Approaching related questions from a different angle, environmental sociologists have developed a body of knowledge about “the social bases of environmental concern”—social characteristics associated with higher expressions of concern about environmental problems (e.g., Van Liere and Dunlap, 1980; Jones and Dunlap, 1992; Davidson and Freudenburg, 1996; Carman, 1998; Dietz et al., 2005, 2007; Xiao and McCright, 2007). Such research asks literally, Who cares about the environment? Concern about the environment has been found to be higher among young adults, people with college educations, and those holding liberal rather than conservative political views. On certain environmental topics, women express greater concern than men. Research on the social bases of concern about climate change, in particular, has looked closely at the roles of education and knowledge, including how these are filtered by ideology or pre-existing beliefs (e.g., Krosnick et al., 2006; Leiserowitz, 2004, 2006; Lorenzoni and Pidgeon, 2006; Nisbet, 2005; Pew, 2006, 2007; Wood and Vedlitz, 2007). Environmental concern often has connections to both science and political discourse. Those connections are particularly salient in the case of climate change.

Multiple regression-type statistical models, which estimate the net effects of several competing predictors on one dependent variable, have been used widely both for science-indicators and environmental-concern research. Ordered-category dependent variables, such as the GSS polar opinion questions, can be approached through a technique called ordered logit regression (1). Such models allow us to explore how polar opinions are related to the usual background characteristics and, net of background effects, what are the impacts of science knowledge.

Table 3 summarizes results from weighted regressions of six polar concern or opinion questions (defined in Table 2; responses shown in Fig. 3) on respondent background characteristics and scientific knowledge. The background variables (with weighted percentages or means for the polar subset of GSS) are as follows:

Table 3

Degree of concern about five polar results of global warming, and views on reserving the Antarctic (dependent variables seen in Table 2 and Fig. 3), predicted from respondent background characteristics (including the interaction of ideology and education), and indicators of science knowledge. Coefficients and tests are from probability-weighted ordered logit regression models. Figure 4 interprets the conserve × degree interaction effect for sea level.

i1523-0430-40-4-671-t03.gif

Figure 4

Probability that respondents say it would “matter a great deal” to them if sea level rose 20 feet vs. education—for the most liberal and conservative respondents (calculated from the left-hand model in Table 3, with other variables set at means).

i1523-0430-40-4-671-f04.gif
  • age in years (18 to 89, mean 45.3);

  • gender (coded 0  =  male or 1  =  female, 56% female);

  • family income (coded 1  =  under $1,000 to 25  =  $150,000 or more, mean 17.6; the median is about $40,000);

  • highest degree earned (from 1  =  high school to 4  =  postgraduate, mean 1.9);

  • conservative, respondent's political identification (from 1  =  extremely liberal to 7  =  extremely conservative, mean 4.2); and

  • conservative × degree (interaction term defined as the product of conservative times degree).
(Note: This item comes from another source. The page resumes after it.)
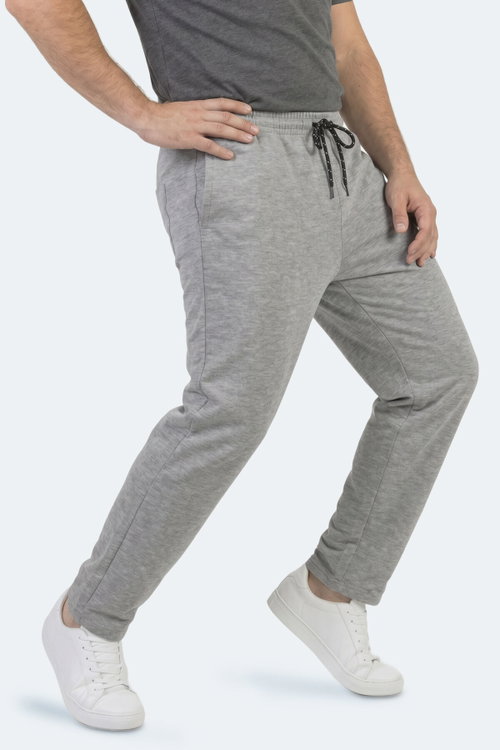 Slazenger JERRY Büyük Beden Erkek Cepli Gri Eşofman Altı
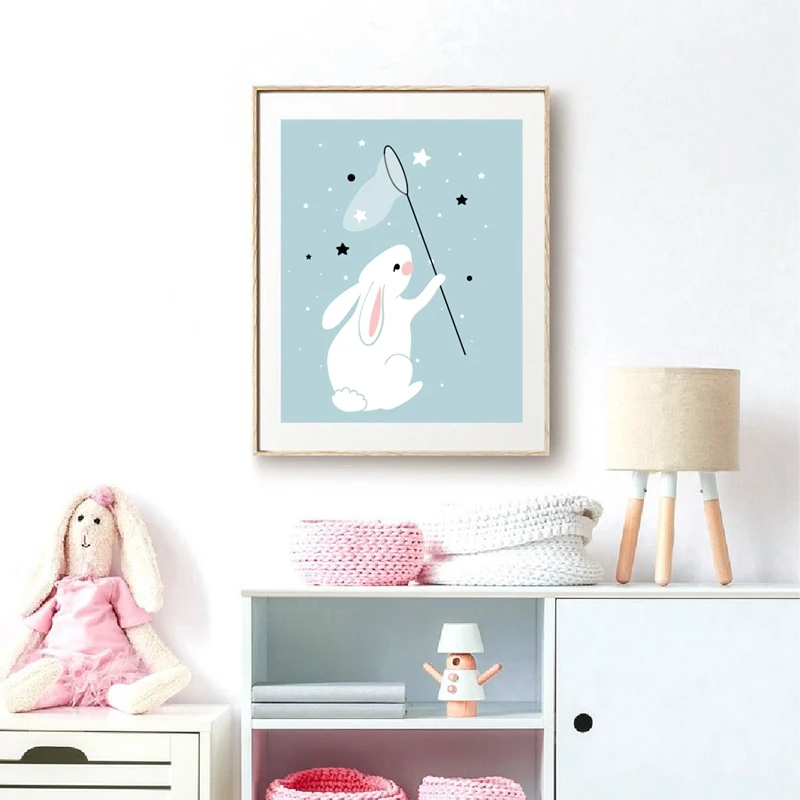 cute rabbit poster print kids room decor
To reduce problems of multicollinearity, degree and conservative were centered (expressed as deviations from their unweighted means) before calculating the interaction term conservative × degree, and including all three in the models.

In addition to these background variables, we also considered five indicators of general or polar science knowledge as possible predictors:

  • high school science, number of science subjects taken in high school (from 0 to 3, mean 1.7);

  • college major, natural-science college degree (coded 0  =  no or 1  =  yes, 11% yes);

  • well informed, self-assessed level of information about polar regions (from 0  =  don't know to 5  =  very informed, mean 3);

  • polar quiz, number of correct answers to five polar-knowledge questions seen in Table 1 and Figure 2 (from 0 to 5, mean 2.7);

  • science literacy, number of correct answers to 11 non-polar science knowledge questions described on p. 7-17 of SEI (from 0 to 11, mean 6.5).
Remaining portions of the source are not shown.